(TASK BRIEF): Only the stretch below from the line holding "UDD Acrylic Clear" through the line holding "40 Pcs Funny" should be restated, word for word and with both ends included; pictures stay out.

(EXERCISE DATA):

====

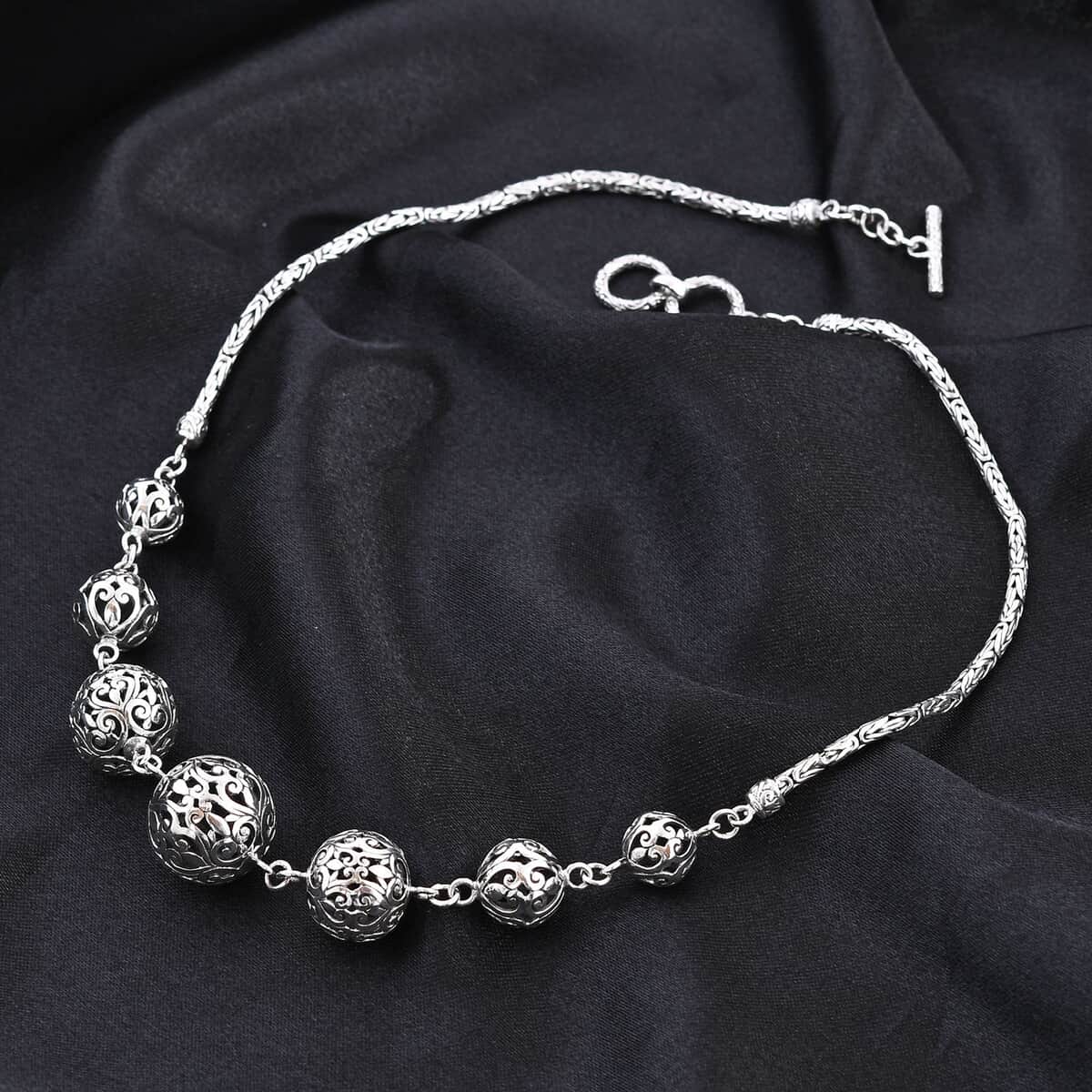 Bali Legacy Sterling Silver Filigree Ball Toggle Clasp Necklace 18-19 Inches 34.75 Grams image number 1
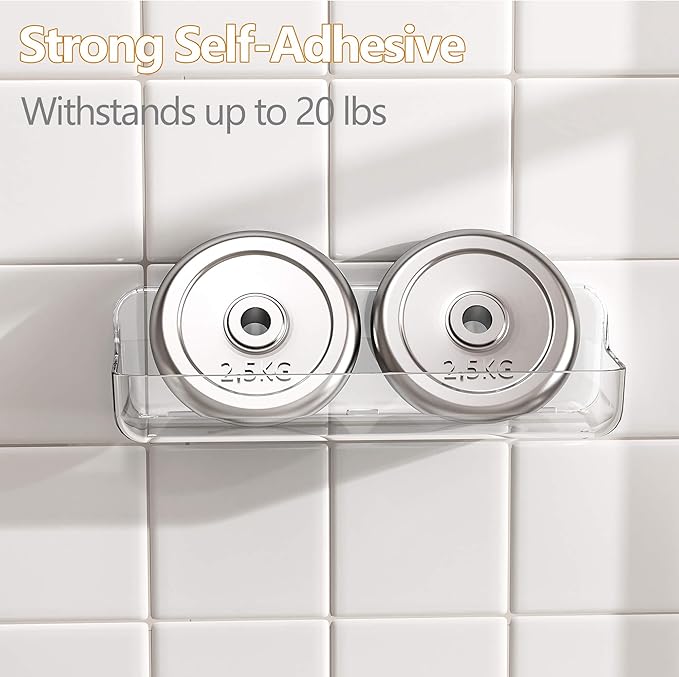 UDD Acrylic Clear Shower Caddy Shower Organizer, Plastic Adhesive Shelf with Hook and Self Adhesive Tape, No Drilling Wall Mount Shower Shelves for Bathroom Kitchen, Transparent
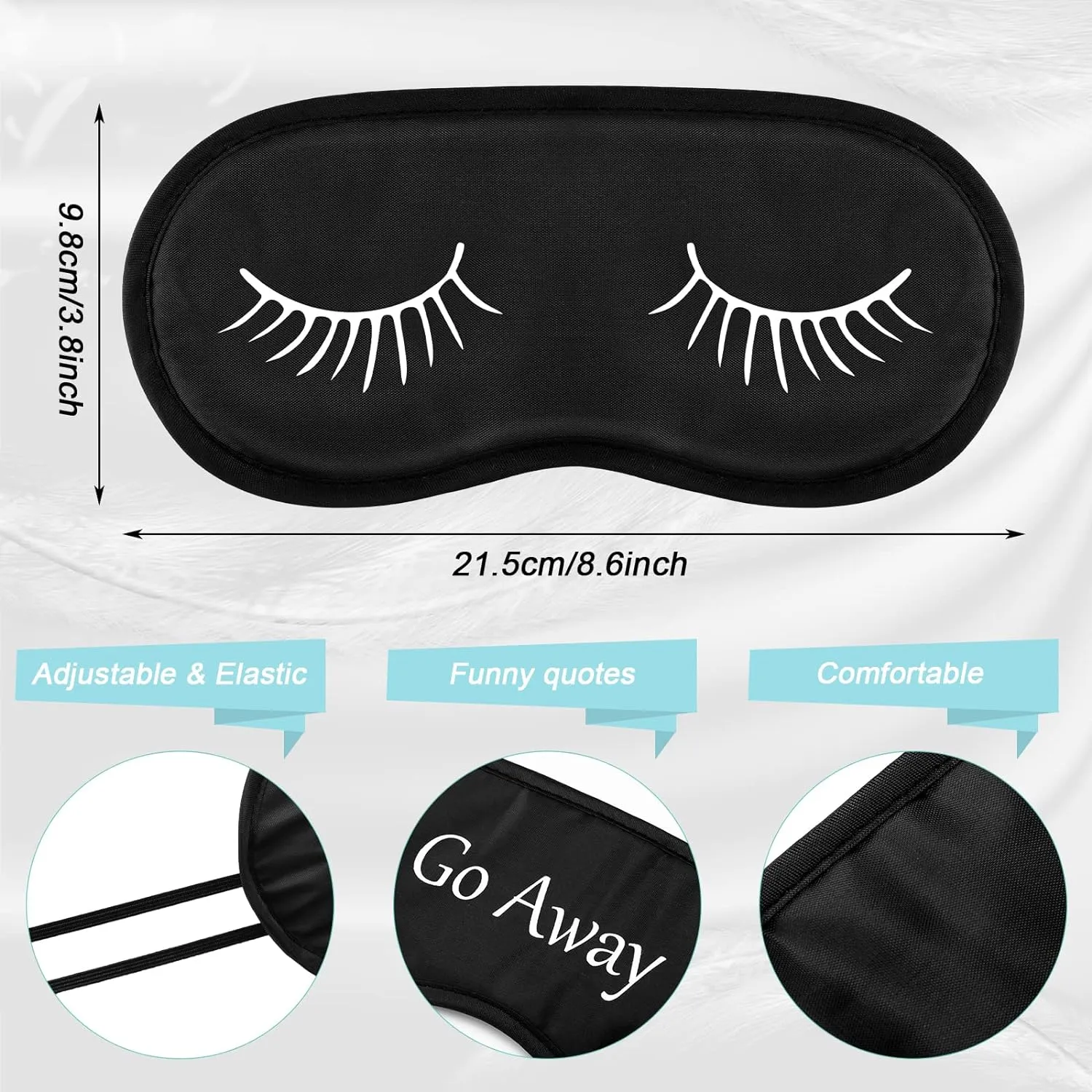 40 Pcs Funny Silk Sleep Eye Mask Soft Night Sleep Mask Bulk Eye Mask for Sleeping Blackout Blindfolds with Adjustable Strap for Women Men Kids Travel Nap Meditation Party Gifts Favors(Black)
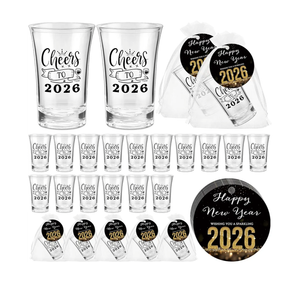 36 Sets Happy New Years Party Favors Include Cheer to 2026 Acrylic Clear Shot Glasses with Happy New Year Cards and Gift Bags Drinking Cups for 2026 Party Supplies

====

(EXPECTED ANSWER):
 UDD Acrylic Clear Shower Caddy Shower Organizer, Plastic Adhesive Shelf with Hook and Self Adhesive Tape, No Drilling Wall Mount Shower Shelves for Bathroom Kitchen, Transparent
 40 Pcs Funny Silk Sleep Eye Mask Soft Night Sleep Mask Bulk Eye Mask for Sleeping Blackout Blindfolds with Adjustable Strap for Women Men Kids Travel Nap Meditation Party Gifts Favors(Black)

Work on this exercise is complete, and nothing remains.